Quel droitier n'a pas un jour été inquiet de rencontrer un gaucher ?

Le célèbre épéiste italien Edoardo Mangiarotti a été double champion du monde et ... six fois champion olympique entre 1936 et 1960. Il était "gaucher" puisque son père, maître d'armes, l'avait incité à ... changer de main à l'âge de douze ans, lui qui avait commencé l'escrime avec la main droite, étant "droitier" de naissance.

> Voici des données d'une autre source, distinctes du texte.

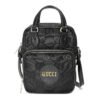 Gucci Off The Grid Shoulder Bag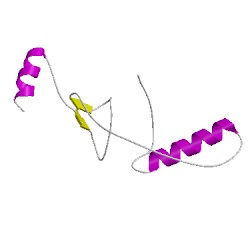 Image of CATH 1ibvA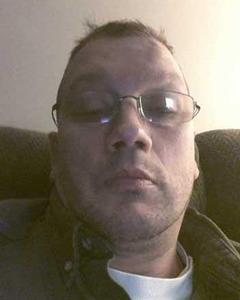 Man, 61. lonesomedo8025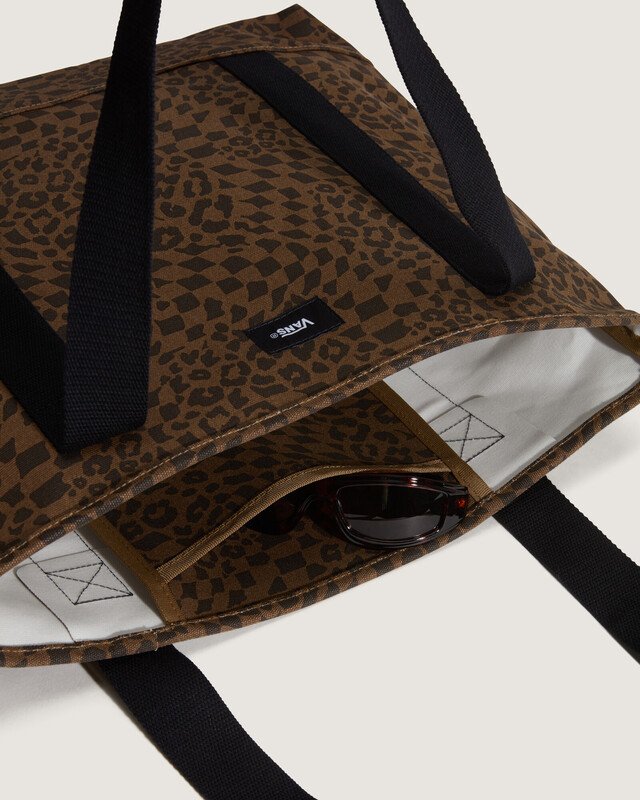 Bolsa Pergs Tote Dachshund Animal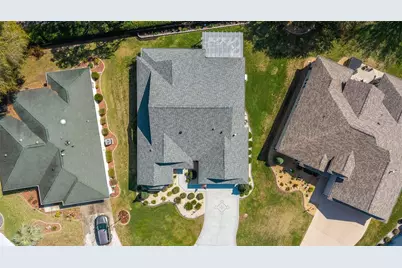 2967 Saint Thomas Lane, The Villages, FL 32162 - Photo 68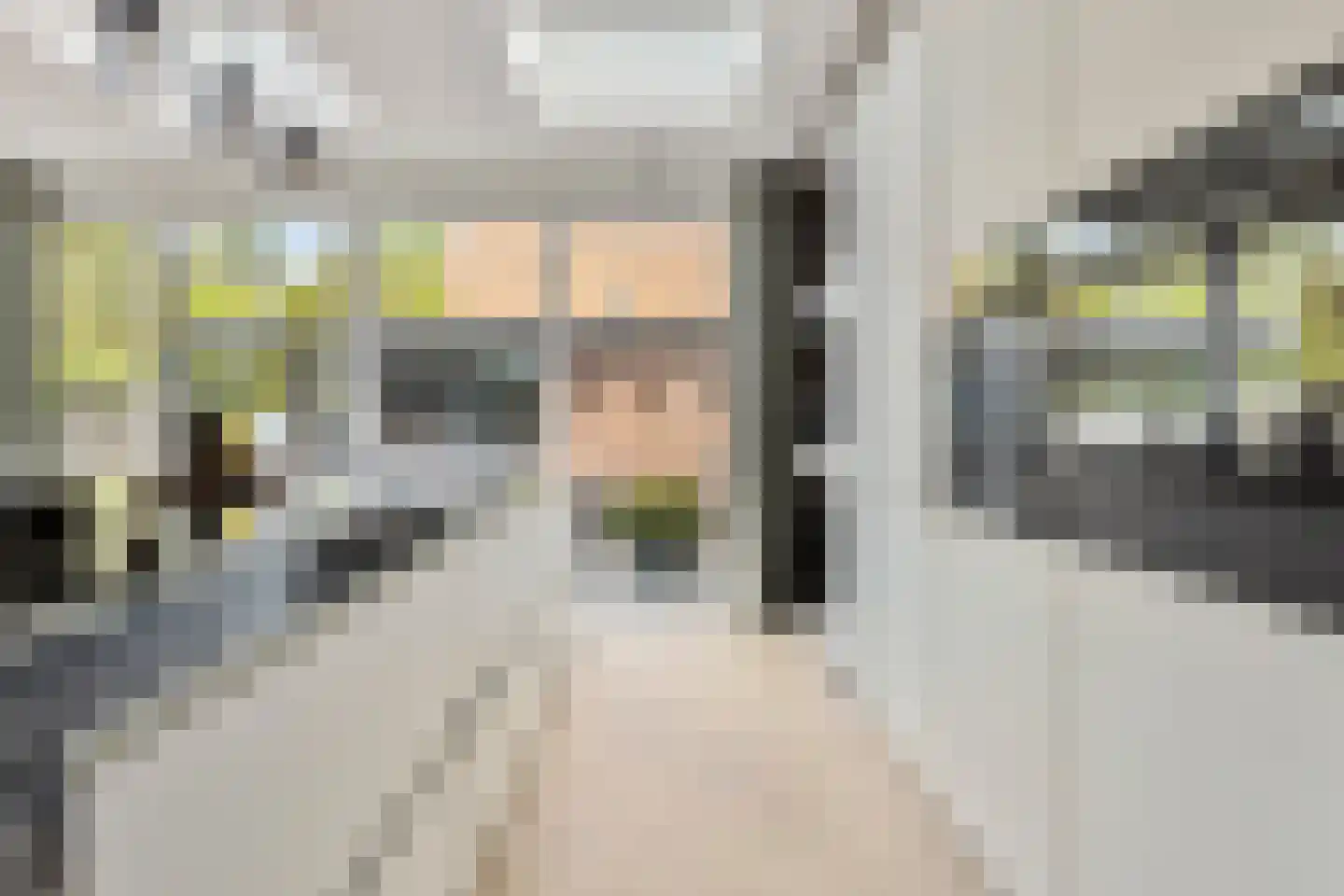 Mr. F.A. van Hallweg 30 Amstelveen thumbnail 15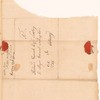 Winslow, John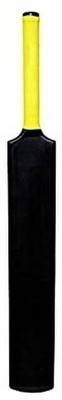 VICTOO SPORTS Victoo_Premium Pvc/Plastic Cricket Bat_Hard Quality_A1@236 PVC/Plastic Cricket  Bat For 15+ Yrs(400-650 g)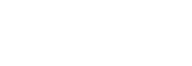 World Architecture Community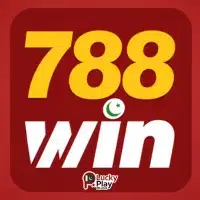 788Win Game Download APK (New PK Game) for Android and iOS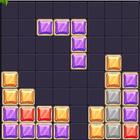 ikon Block Puzzle Jewel Classic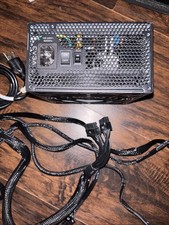Evga 850 supernova for sale  Sharpsburg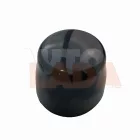 Barkas kerékagy porvédő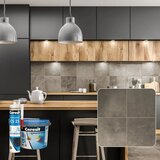 Ceresit Fugir masa CE 40 55 Terra, 2 kg cijene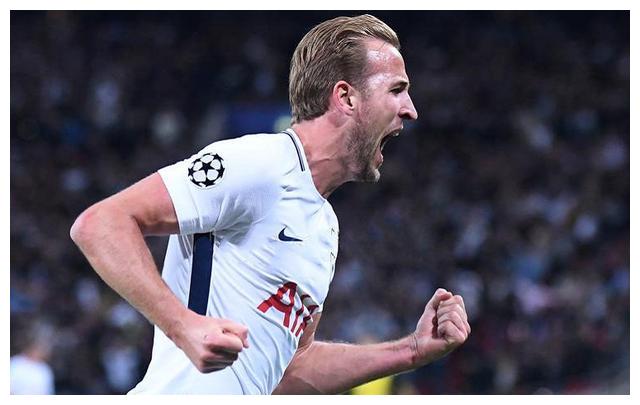 国王杯赛程吃紧，法兰克福转会期伤情更新，震撼外界，轮换策略成焦点的简单介绍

Faudrait-il que tous les droitiers se mettent à tirer de la main gauche ?

Le constat
Les gauchers représentent environ entre 10% et 15% de la population. Pourtant, dans les compétitions mondiales d'escrime, ils sont près du quart, comme le constate le docteur Guy Azémar, médecin de la fédération française d'escrime. Comment expliquer une telle différence ? Et comment expliquer que cette proportion ait tendance à augmenter encore au fil des tours éliminatoires pour atteindre près de 50% en finale. Au fleuret et à l'épée, 60% des médaillés sont ... gauchers ! On a même compté 8 gauchers parmi les 8 finalistes au fleuret individuel à MOSCOU en 1980 ! Au sabre, c'est l'inverse : le nombre des gauchers est très faible (moins de 15%) et aucun gaucher n'est devenu champion olympique ou champion du monde à cette arme. Srecki, Plumenail, Riboud, Laura Flessel autant de champions gauchers. Mais la famille Touya ne compte que des droitiers ! Faudrait-il que les droitiers se mettent à tirer au sabre uniquement ?

Une réflexion succincte   semble indiquer que les gauchers réussissent mieux parce que étant moins nombreux dans les salles, ils y rencontrent davantage de droitiers et s'adaptent ainsi très bien à leur jeu. A l'inverse ces derniers ont plus rarement  l'occasion de se mesurer à eux. Ainsi, l'entraînement favorise-t-il les gauchers! Mais, alors, le raisonnement devrait également s'appliquer au sabre. Or, il n'en est rien.

La science au secours de l'escrime.
C'est le cerveau qui coordonne les mouvements. Le lobe droit contrôle la main ... gauche et le lobe gauche contrôle la main ... droite. Voilà qui rétablit un certain équilibre ! Mais la différence ne s'arrête pas là : nos deux lobes sont fonctionnellement dissymétriques et spécialisés.

L'hémisphère droit est "artistique" ou "féminin" (couleurs, formes, espace, sensibilité) alors que son homologue gauche est plus "analytique" ou "masculin" (langage, intellect, abstarction, écriture, précision du geste, ..). Ainsi, de façon intuitive, c'est la nature des mouvements qui va privilégier soit les droitiers soit les gauchers.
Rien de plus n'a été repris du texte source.